Write out each line from the data below that includes the word "background".

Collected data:
◇ ◇ ◇ ◇ ◇ ◇ ◇

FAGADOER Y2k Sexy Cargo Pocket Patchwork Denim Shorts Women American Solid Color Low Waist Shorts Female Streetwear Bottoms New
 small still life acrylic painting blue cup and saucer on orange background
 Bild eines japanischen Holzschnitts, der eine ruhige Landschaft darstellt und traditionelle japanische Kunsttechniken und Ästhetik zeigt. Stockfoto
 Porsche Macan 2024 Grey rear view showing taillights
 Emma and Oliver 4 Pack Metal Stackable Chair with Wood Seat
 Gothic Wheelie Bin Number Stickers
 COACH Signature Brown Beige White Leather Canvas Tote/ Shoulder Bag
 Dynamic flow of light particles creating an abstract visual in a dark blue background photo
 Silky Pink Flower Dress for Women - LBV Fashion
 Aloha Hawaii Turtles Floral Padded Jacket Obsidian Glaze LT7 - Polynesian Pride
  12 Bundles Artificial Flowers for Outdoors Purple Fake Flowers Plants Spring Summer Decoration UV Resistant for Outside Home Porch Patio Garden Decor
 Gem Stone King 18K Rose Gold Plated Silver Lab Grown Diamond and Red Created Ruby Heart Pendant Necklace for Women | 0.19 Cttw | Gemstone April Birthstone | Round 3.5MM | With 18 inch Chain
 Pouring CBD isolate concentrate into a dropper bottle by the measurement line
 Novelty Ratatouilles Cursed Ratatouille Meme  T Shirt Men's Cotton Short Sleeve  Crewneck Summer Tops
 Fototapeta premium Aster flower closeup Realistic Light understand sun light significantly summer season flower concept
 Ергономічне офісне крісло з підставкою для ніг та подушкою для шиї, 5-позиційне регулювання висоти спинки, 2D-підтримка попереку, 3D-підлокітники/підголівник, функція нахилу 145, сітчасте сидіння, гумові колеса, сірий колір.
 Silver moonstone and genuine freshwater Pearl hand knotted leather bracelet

◇ ◇ ◇ ◇ ◇ ◇ ◇

Result of the exercise:
 small still life acrylic painting blue cup and saucer on orange background
 Dynamic flow of light particles creating an abstract visual in a dark blue background photo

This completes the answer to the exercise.